La guerre commerciale version Trump, c’est l’art de se jeter dans la mêlée en assurant qu’on veut la paix. Il annonce qu’il sera « gentil », puis traite l’Amérique de tirelire braquée par ses partenaires. Une générosité typiquement mafieuse : le racket avec le sourire. Et l’Europe, à force de se vouloir stratégique, finit par jouer au paillasson tactique.
L’Europe parle comme de Gaulle et négocie comme un stagiaire chez Gazprom.

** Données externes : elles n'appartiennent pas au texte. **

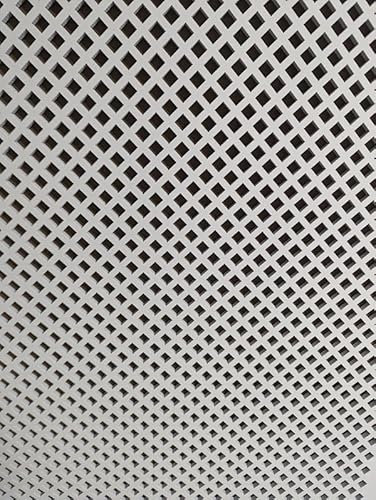 Radiator Cabinet Wall Decorative Screening-Grille- Perforated 3mm Thick Diamond MDF Panel (Size 1200mm x620mm) D5 Pattern Primed White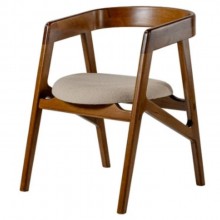 Cadeira de Madeira Macia Para Mesa de Jantar Minimalista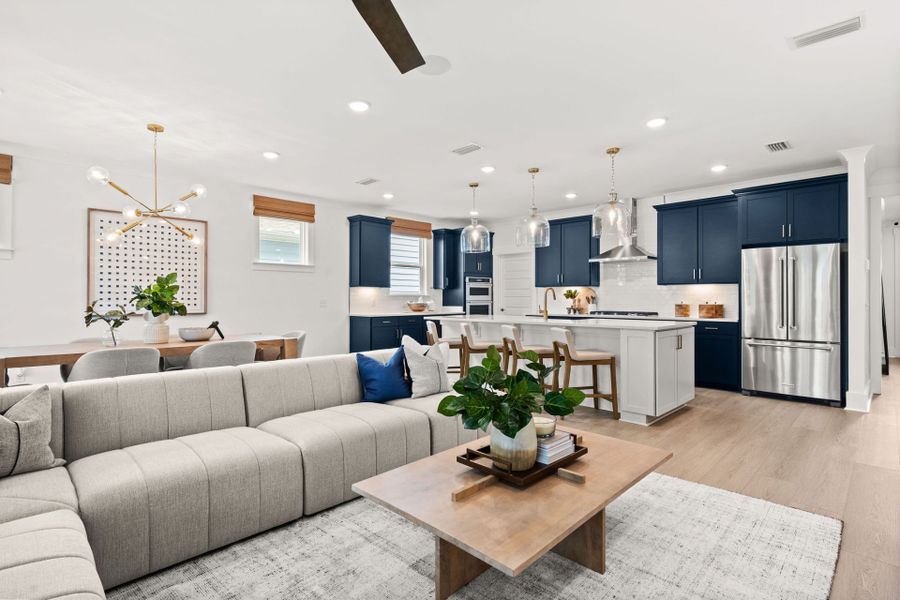 Furnished interior view inside a new home in Sun City Hilton Head, Bluffton (Image 6).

Mais tout n’est pas perdu. Christine Lagarde, en prêtresse monétaire, bénit la guerre comme un « moment existentiel ». Un genre de baptême du feu, sauf que cette fois, c’est la facture qui brûle. Il ne manque plus qu’elle cite Nietzsche ou le marquis de Sade, et l’on aurait un parfait sermon sur le salut par la douleur économique. L’Europe, donc, pauvre, seule et fière. Une sorte de Don Quichotte fiscal, lancé à l’assaut des moulins à dollars, mais avec une dette commune et des prévisions de croissance en guise de destrier.
Pendant ce temps, les États-Unis ajustent leurs lunettes à double foyer : un œil sur la Chine, l’autre sur l’Allemagne, et l’index sur le bouton « TAXE ». Que l’Europe proteste ou applaude n’a finalement qu’un intérêt folklorique. Elle est déjà à vendre, ou à louer, selon les conditions.